··· RECORDS FOR THE EXERCISE ···

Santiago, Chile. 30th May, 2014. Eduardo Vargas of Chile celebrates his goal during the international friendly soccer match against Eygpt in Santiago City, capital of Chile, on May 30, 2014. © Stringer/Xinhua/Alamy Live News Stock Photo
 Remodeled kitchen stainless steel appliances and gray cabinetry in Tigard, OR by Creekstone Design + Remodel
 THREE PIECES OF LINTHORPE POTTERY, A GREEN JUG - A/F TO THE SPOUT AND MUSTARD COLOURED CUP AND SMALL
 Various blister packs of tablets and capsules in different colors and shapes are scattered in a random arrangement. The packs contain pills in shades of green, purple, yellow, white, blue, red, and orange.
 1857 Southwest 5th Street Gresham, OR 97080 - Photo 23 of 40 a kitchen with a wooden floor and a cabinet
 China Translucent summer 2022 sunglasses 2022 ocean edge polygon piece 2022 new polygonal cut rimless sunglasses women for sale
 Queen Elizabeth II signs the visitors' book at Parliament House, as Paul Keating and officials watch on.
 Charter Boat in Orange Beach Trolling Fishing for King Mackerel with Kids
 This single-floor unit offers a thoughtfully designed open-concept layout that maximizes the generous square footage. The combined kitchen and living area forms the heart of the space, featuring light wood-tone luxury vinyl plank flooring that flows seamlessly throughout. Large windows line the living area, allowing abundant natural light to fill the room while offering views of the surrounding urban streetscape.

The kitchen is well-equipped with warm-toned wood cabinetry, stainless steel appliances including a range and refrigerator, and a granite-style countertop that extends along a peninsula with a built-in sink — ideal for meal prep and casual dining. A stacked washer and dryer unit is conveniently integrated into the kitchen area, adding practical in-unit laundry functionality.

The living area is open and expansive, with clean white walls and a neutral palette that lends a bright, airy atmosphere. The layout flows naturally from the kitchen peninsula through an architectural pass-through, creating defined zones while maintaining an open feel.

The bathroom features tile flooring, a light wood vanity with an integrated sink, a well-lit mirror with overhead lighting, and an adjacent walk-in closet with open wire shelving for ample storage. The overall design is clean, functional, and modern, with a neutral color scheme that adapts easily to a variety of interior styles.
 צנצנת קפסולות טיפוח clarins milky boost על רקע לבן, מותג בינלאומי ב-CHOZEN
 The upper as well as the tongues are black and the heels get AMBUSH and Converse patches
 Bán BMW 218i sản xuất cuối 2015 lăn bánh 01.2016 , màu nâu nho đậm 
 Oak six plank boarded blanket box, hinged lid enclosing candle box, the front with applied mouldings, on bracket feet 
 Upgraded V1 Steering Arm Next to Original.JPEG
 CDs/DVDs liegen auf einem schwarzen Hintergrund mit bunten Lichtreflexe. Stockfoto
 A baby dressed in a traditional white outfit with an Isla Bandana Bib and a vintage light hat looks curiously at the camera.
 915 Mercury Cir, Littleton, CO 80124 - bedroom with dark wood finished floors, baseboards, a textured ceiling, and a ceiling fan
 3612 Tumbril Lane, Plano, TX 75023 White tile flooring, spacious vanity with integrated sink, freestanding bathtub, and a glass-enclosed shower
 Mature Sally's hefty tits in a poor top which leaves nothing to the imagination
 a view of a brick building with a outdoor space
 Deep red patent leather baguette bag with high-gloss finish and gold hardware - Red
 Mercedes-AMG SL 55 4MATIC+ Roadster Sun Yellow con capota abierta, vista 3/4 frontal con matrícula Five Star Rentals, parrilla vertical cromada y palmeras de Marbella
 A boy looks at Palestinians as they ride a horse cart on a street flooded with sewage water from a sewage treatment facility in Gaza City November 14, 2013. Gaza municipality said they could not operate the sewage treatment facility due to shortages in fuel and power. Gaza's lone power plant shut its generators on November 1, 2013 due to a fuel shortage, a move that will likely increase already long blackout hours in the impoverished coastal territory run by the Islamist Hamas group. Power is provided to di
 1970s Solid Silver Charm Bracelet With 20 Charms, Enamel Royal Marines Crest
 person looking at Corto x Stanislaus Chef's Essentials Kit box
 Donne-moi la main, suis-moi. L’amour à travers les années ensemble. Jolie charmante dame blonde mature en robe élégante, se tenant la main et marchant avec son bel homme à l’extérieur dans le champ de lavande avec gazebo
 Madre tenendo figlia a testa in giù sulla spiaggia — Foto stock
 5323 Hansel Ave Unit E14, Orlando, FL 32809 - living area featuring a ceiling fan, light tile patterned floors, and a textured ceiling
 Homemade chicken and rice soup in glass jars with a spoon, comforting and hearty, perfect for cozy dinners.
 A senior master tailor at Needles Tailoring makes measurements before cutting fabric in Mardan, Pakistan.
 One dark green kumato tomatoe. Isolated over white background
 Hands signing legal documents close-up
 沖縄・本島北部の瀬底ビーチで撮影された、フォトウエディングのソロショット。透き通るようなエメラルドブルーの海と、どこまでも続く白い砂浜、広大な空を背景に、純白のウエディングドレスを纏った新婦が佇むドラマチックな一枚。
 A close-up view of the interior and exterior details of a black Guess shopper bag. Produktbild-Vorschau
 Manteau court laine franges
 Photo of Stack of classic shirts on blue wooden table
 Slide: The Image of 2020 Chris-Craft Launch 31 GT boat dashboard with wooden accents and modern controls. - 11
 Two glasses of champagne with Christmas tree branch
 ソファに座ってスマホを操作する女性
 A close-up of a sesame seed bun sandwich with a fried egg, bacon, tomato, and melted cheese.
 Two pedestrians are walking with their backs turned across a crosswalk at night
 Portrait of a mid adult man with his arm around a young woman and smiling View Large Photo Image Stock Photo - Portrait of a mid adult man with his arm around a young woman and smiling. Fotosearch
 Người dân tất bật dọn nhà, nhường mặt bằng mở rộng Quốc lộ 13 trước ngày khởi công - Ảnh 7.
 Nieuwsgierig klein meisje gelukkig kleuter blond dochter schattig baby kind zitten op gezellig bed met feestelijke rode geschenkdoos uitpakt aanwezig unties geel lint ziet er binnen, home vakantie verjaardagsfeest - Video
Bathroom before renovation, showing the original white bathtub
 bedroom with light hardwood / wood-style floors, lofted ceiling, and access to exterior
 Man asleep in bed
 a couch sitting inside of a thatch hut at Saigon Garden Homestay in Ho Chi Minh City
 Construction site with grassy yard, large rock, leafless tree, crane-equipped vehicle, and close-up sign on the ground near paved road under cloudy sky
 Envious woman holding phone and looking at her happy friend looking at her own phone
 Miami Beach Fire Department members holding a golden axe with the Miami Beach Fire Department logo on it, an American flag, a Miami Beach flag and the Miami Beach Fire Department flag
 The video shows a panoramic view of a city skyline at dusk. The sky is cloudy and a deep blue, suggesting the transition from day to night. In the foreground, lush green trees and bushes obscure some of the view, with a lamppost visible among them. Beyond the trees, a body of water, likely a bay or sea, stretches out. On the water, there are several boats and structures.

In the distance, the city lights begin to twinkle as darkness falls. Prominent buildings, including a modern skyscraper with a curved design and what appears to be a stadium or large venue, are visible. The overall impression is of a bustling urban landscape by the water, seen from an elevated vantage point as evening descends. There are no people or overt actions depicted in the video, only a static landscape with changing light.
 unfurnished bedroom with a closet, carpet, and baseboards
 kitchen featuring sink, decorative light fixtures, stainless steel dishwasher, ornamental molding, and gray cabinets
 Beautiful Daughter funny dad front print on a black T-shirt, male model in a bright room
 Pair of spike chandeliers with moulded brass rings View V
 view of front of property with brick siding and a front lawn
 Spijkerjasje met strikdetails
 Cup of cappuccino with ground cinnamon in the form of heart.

···

→ **REQUIREMENT**
A word-for-word copy of the lines above from the one with "One dark green" through the one with "A close-up of", inclusive, is the only output wanted.

→ **YOUR RESPONSE**
 One dark green kumato tomatoe. Isolated over white background
 Hands signing legal documents close-up
 沖縄・本島北部の瀬底ビーチで撮影された、フォトウエディングのソロショット。透き通るようなエメラルドブルーの海と、どこまでも続く白い砂浜、広大な空を背景に、純白のウエディングドレスを纏った新婦が佇むドラマチックな一枚。
 A close-up view of the interior and exterior details of a black Guess shopper bag. Produktbild-Vorschau
 Manteau court laine franges
 Photo of Stack of classic shirts on blue wooden table
 Slide: The Image of 2020 Chris-Craft Launch 31 GT boat dashboard with wooden accents and modern controls. - 11
 Two glasses of champagne with Christmas tree branch
 ソファに座ってスマホを操作する女性
 A close-up of a sesame seed bun sandwich with a fried egg, bacon, tomato, and melted cheese.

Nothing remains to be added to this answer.